By its order, dated December 23, 1964, the High Court of Madhya Pradesh quashed the orders modifying schemes Nos. 2, 4, 5, 7 and 9, the approved schemes as published in the Official Gazette and the orders passed and notices issued under section 68-F (2) of the Act. In so doing, the learned Judges of the Division Bench proceeded only on one ground. They held that although R. S. Shukla, Special Secretary, had been authorised to dispose of the objections received in respect of the schemes, he had not been authorised to approve or modify them PREMCHAND JAIN V/S STATE OF MADHYA PRADESH, 1965 JabLJ 611).

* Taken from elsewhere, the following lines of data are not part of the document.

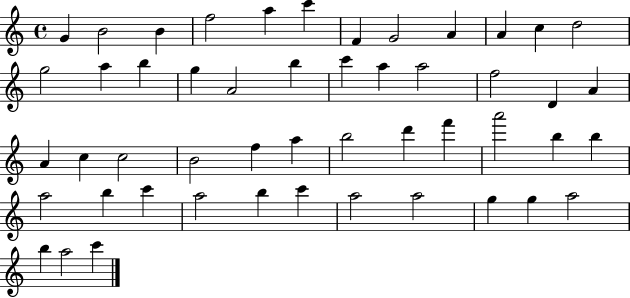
X:1
T:Untitled
M:4/4
L:1/4
K:C
G B2 B f2 a c' F G2 A A c d2 g2 a b g A2 b c' a a2 f2 D A A c c2 B2 f a b2 d' f' a'2 b b a2 b c' a2 b c' a2 a2 g g a2 b a2 c'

In order to correct the omission noticed in the earlier order, the State Government amended Supplementary Instruction No. 2 issued under rule 13 of the Rules of Business and rule 7 of the Government Business (Allocation) Rules which had been made under Article 166 of the Constitution. Under the amended Supplementary Instruction No. 2, the Chief Minister expressly authorised the Special Secretary to exercise the powers of the State Government under section 68-D to approve or modify the schemes and also take all further steps towards that end.

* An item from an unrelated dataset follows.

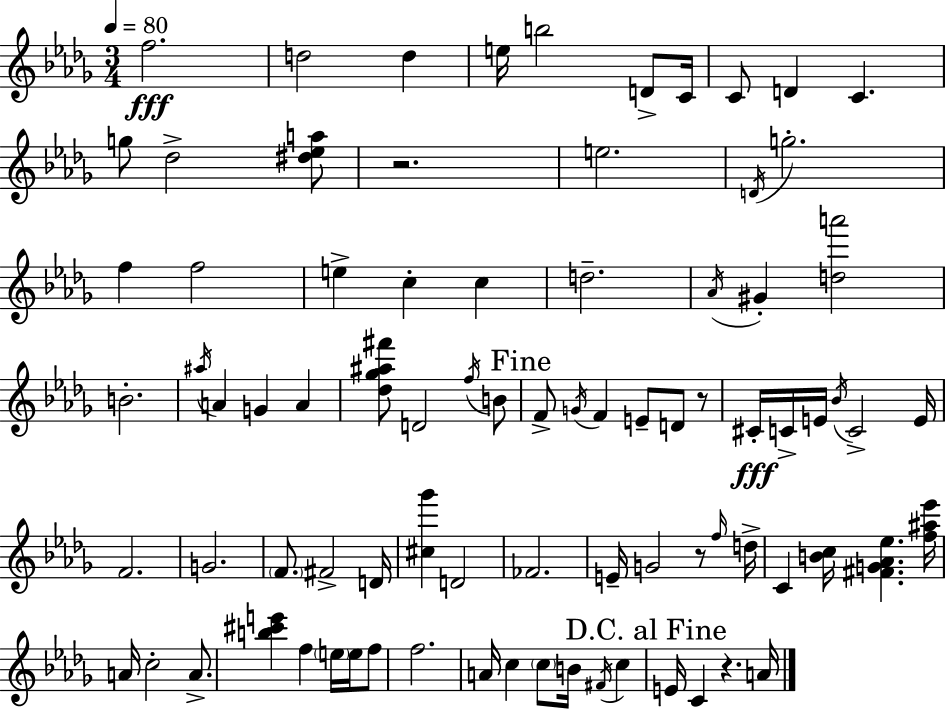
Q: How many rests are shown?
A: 4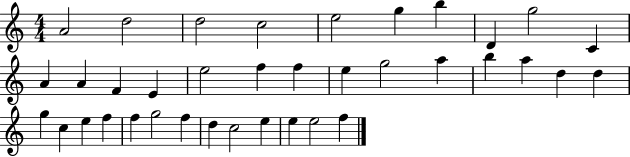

After the Special Secretary was authorised in the manner stated above, he issued notices dated January 7, 1965, to the operators concerned intimating them that the various schemes would be taken up by him on January 30, 1965, for approval or modification under section 68-D to the Act. Many existing operators, including the contesting respondents raised certain objections before the Special Secretary. By his order, dated February 2, 1965, the Special Secretary overruled the objections and, after making certain modifications of an inconsequential character, approved the schemes. Those schemes, as modified by the order of the Special Secretary, were duly published in the Official Gazette, dated February 12, 1965. Thereafter, for the purpose of giving effect to those approved schemes, further action was taken under section 68-F (2) of the Act.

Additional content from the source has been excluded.